Secondly, the heuristics of virus scanners frequently (and incorrectly) tagged MO as a virus because the technology used to implement the vfs is similar to what some malware does. Again, this was ok when it affected a few percent of a few thousand MO users who tended to be more tech-savvy than the average user. However, Vortex aims to be accessible to all users and we really don't want bug reports about AV errors from 5% of 6 Million users…
Thirdly, I'd like to point out that when I initially started developing MO, the vfs technology (the 32-bit variant) was already mostly done as I had created it as part of my diploma thesis and merely rewrote that. So, really, I had a solution and was looking for a problem to solve with it.

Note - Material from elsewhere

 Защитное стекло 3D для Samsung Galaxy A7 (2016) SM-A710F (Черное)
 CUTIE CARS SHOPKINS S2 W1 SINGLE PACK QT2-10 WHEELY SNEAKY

MO was my experiment to see if this technology could be used for that problem. My goal with MO initially was not to write the most user-friendly Mod Manager I could. If I'd had the time I would have added a link-based option to MO2 as well...
While a clean game folder solution isn't possible right now with Vortex, there will be a "purge" feature which will remove all links installed by Vortex reliably and quickly so you shouldn't ever be more than a button-click away from a clean game directory.Robin: Is there a performance cost to using virtualisation?
Tannin: For hard-links: no, none, zero.
For symbolic links: practically none. I doubt you could measure it and I can guarantee you won't be able to notice it.Robin: Some users have reported and complained about their custom mod backups being twice the size they should be due to virtualisation. What's the solution to this?
Tannin: Get better backup software. Seriously, there is no excuse for a backup solution to not handle links properly.
But as an alternative, let me again refer to the "purge"-option that un-deploys all mods. You can do that before creating the backup, then just have Vortex re-deploy afterwards. This is a safe operation and will probably take less than a minute.Robin: Moving forward, what are your release plans for Vortex? Will there be an alpha? What time scales are we talking here?
Tannin: Giving concrete dates is always difficult because one almost always underestimates the amount of work required to polish stuff towards the end.
My current plan is to have an early alpha build in the hands of a limited group of test users within a month, maybe 6 weeks.
Depending on their feedback we should expect somewhere between 1-3 months to fix bugs after which I think we can release a public alpha.